The working group approved using fiscal-year 2024–25 funds to purchase a short-term clinician training designed for agricultural producers and heard a presentation on LandLogic, a clinical framework developed to help clinicians adapt evidence-based therapies to the agricultural context.
Chad Reznick, behavioral health state specialist with Colorado State University Extension and the Colorado AgrAbility Project, described LandLogic as a brief, 5–10 session, solution-focused clinical approach drawing on cognitive behavioral and action-commitment therapies and adapted through focus groups with more than 100 producers. "LandLogic is kind of culmination of about 3 and a half years worth of work that we've been putting into developing this," Reznick said.

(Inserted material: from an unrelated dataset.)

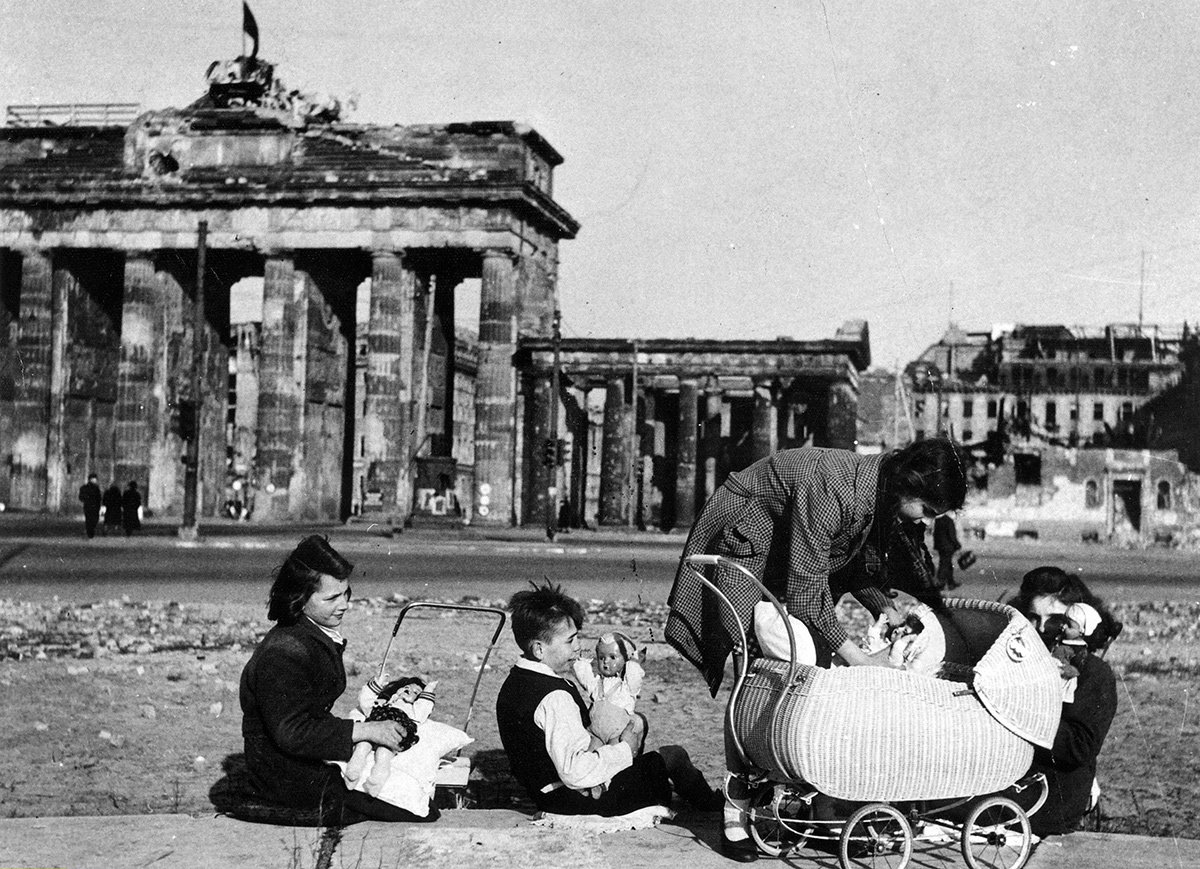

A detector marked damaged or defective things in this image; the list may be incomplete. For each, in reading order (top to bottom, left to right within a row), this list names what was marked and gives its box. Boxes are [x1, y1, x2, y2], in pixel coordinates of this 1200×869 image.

damaged building facade [0, 61, 868, 525]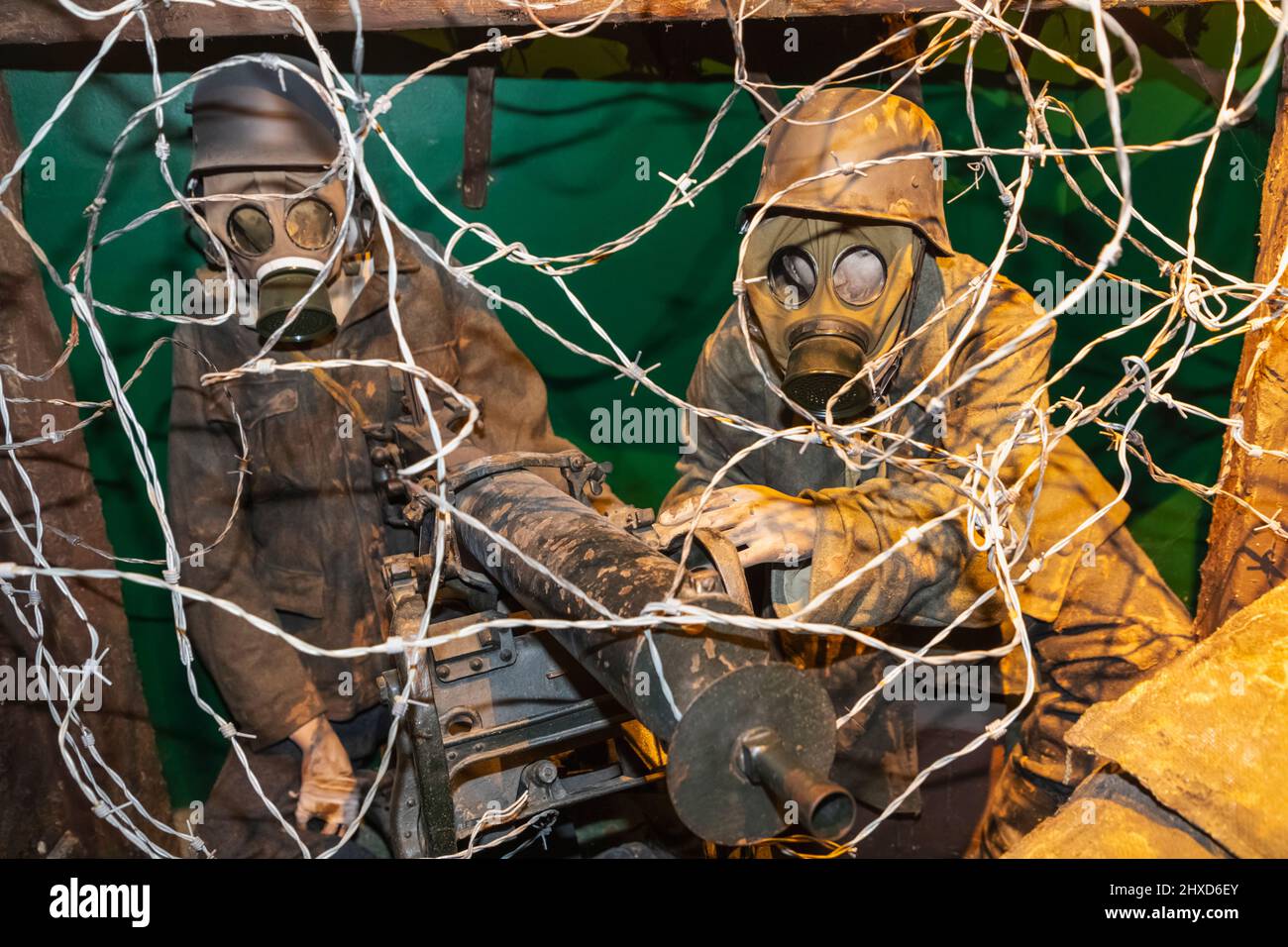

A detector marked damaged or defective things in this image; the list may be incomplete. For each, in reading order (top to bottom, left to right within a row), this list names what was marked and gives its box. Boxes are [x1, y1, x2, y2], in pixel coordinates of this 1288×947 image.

The model uses an "aerial photo" technique to help clinicians understand a producer’s operation and day-to-day stressors and incorporates an agricultural resiliency and protective-factors assessment, a values-based planning approach and agriculturally relevant worksheets such as a "barbed wire thinking" cognitive-distortion workbook.
Reznick said the developers have trained 202 providers and reported encouraging evaluation results: 98% of respondents said the training would help build trust with clients, 96% said it would increase client retention and 98% said it would promote positive outcomes for agricultural clients.
Kelly (BHA liaison) and others explained the fiscal constraints: the FY24–25 training funds must be spent by June 30, and the BHA intends to use longer lead times and additional funding through 2029 to develop culturally tailored training for tribal communities, migrant and seasonal farmworker populations and Spanish-speaking clinicians and workers.
The training selection reflects the working group’s mandate to support clinician cultural competency for agricultural communities and to spread brief, practical therapeutic tools to providers who serve producers and farmworkers.
Ending: The working group will receive follow-up materials about the purchase and LandLogic training evaluations; BHA and CSU Extension said they will pursue more tailored curricula with community partners over the next funding cycle.